30 ene. 2014

THE BEATLES

Creo que la primera canción que escuché de los cuatro de Liverpool fue la de “All My Loving”. A mi madre les gustaba mucho los Beatles, le recordaba su juventud, así que guardaba aquellas míticas cintas de cassette como oro en paño, y de vez en cuando las ponía. Yo tendría cuatro o cinco años, pero aquellas melodías me hicieron “tilín” desde el primer momento. Ya en la adolescencia empecé a comprarme discos de los Beatles. Los primeros fueron el “Álbum Rojo” y el “Álbum Azul”, los cuales eran recopilaciones de las mejores canciones del grupo. Para empezar no estaba mal. Pero la música de los Beatles es altamente adictiva, y poco a poco fui investigando más sobre todo ese infinito “mundo beatle”. Se hace inevitable, además de tener sus discos, el ir adquiriendo también sus posters, películas, conciertos, camisetas, etc. 
Mi favorito siempre fue John Lennon, aunque en realidad los cuatro, juntos o por separado, son una maravilla. Hay canciones Lennon/McCartney que nos han marcado en lo más profundo. Quién no se ha estremecido escuchando “Yesterday” (la canción más versionada en la historia de la música popular con más de 1600 interpretaciones diferentes). Quién no ha intentado alguna vez canturrear aquella especie de trabalenguas del “Ob-La-Di, Ob-La-Da”. Tampoco es justo olvidar a Harrison y Starr, pues aún bajo la sombra de John y Paul, fueron grandes y fundamentales. También compusieron un buen puñado de canciones para The Beatles, como las sensacionales “While My Guitar Gently Weeps” ó “Something”, escritas, entre otras, por George Harrison, ó el “Octopus's Garden” de Ringo Starr.
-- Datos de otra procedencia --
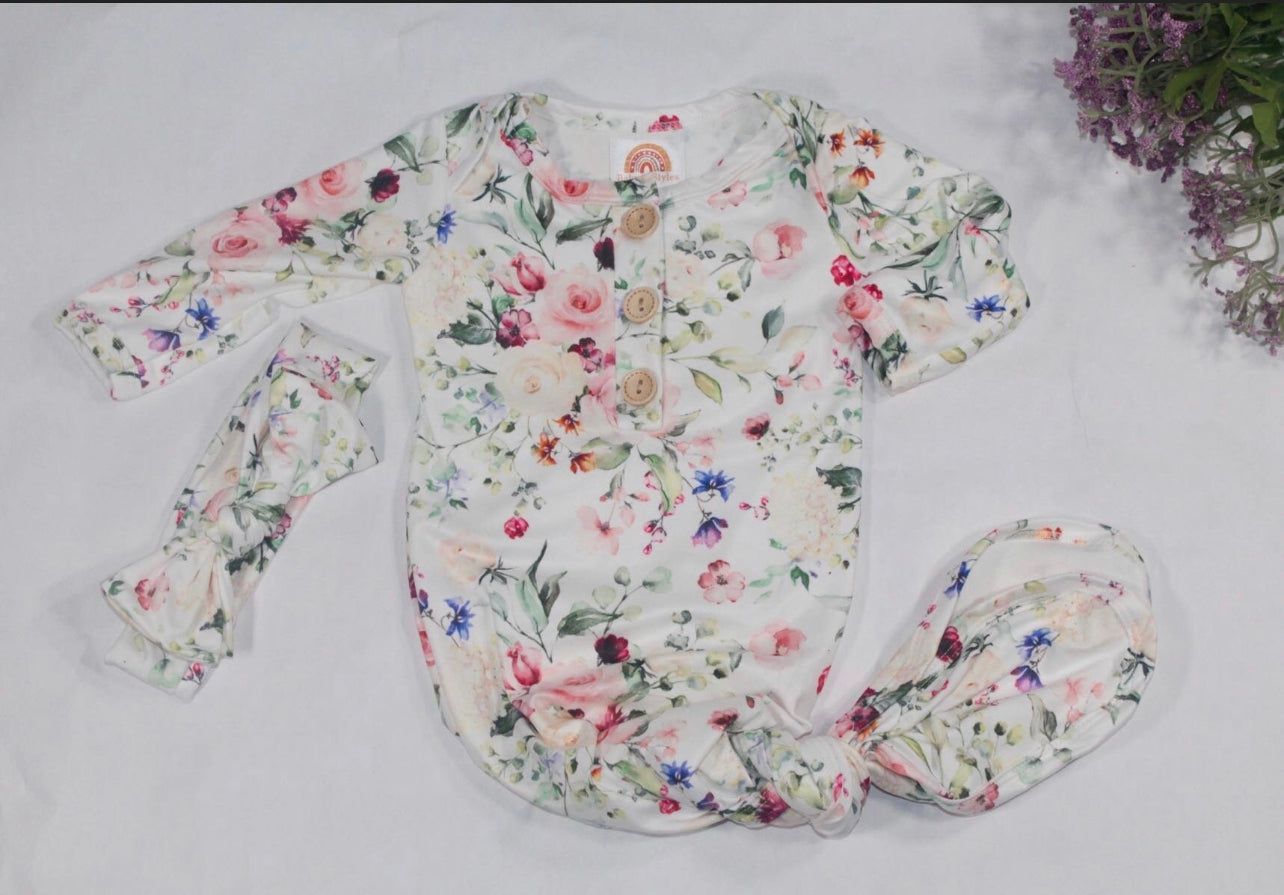 Ultra Soft Floral gardens knotted gown and bow set 0-3months Baby in Styles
Sólo por poner algunos ejemplos. 
Después de muchos años escuchándolos, tengo que confesar que es mi grupo preferido, y aunque no me gusta decir que soy “beatlemaniaco” porque a mí esas cosas me dan repelús, sí me declaro seguidor de aquellos cuatro músicos británicos que revolucionaron el mundo con su música. Por eso, cuando me enteré que en Arcos se iba a celebrar una semana dedicada al cuarteto de Liverpool, en la que se llevarán a cabo conciertos, exposiciones, proyección de películas y audiciones, se me dibujó una enorme sonrisa en la cara. 
Vaya desde aquí mi reconocimiento a la organización de la “Semana Beatle” por traernos a Arcos, de algún modo, a “The Lonely Hearts Club Band” y hacernos disfrutar de ese maravilloso mundo.